Write out the lines of the material below exactly, beginning at the line with "Tesla Model S" and stopping after the line with "Album Phản Xạ - Reflection", and leave out the pictures.

___ Data to examine ___

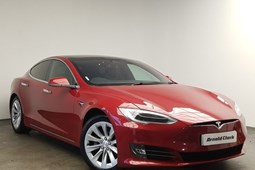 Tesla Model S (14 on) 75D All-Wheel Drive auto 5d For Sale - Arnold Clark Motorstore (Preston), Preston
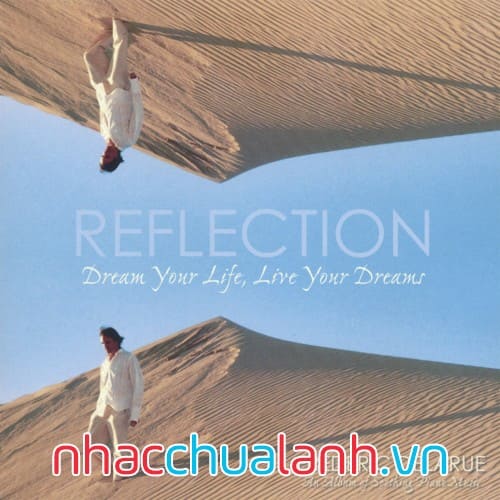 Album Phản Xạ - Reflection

___
___ Data to examine ___

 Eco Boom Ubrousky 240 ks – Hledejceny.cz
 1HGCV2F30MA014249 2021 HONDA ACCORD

___
___ Data to examine ___

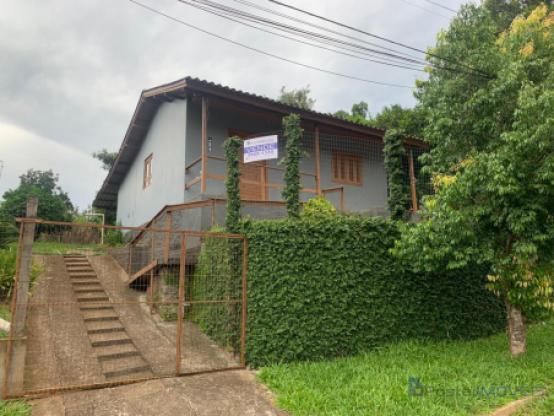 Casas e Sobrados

___

- _Response area_:
 Tesla Model S (14 on) 75D All-Wheel Drive auto 5d For Sale - Arnold Clark Motorstore (Preston), Preston
 Album Phản Xạ - Reflection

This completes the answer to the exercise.